# 01. Introduction to pandas

In this part we are going to explain some basic concepts in pandas and how to work with Pandas on simple datasets

## 1. Import the Pandas library in a virtual environment

To use this pandas notebook it is good pratice to build a virtual environment first and then activate it.

To do this go to the directory in the terminal where you cloned this repository and type: `python3 -m venv venv`.

This should create an environment that you can activate by typing: `source ./venv/bin/activate`.
Now the prompt in your terminal should start with `(venv)` and you can start installing libraries without messing with the rest of you systems.

For a detailed tutorial on how to use virtual environments the site https://realpython.com/python-virtual-environments-a-primer/ is a good bit somewhat outdated start. Planning on creating my own one soon..

NB: If you are using source control you must also create a file called `.gitignore` in the root directory of this project and type `venv/` and save it.
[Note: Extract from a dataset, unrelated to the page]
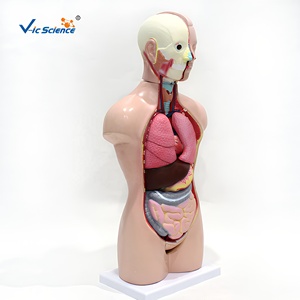 Modello di Torso Umano Maschile e Femminile da 42cm con Struttura degli Organi Interni Staccabile per l'Insegnamento in Laboratorio Scolastico - Product Image 1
Otherwise the environment is stored in your repository.

Now we are ready to import the panda library using `!pip install pandas` in the notebook to install the Pandas module and import it in our notebook.

We use `as pd` as a convention to alias the library.


In [None]:
# installing pandas
!pip install pandas

In [None]:
# importing pandas in the project. As a convention we import the library with the 
import pandas as pd

## 1. Introduction to a dataframes.

The 3 components of pandas are the "Index", "Series" and "DataFrame".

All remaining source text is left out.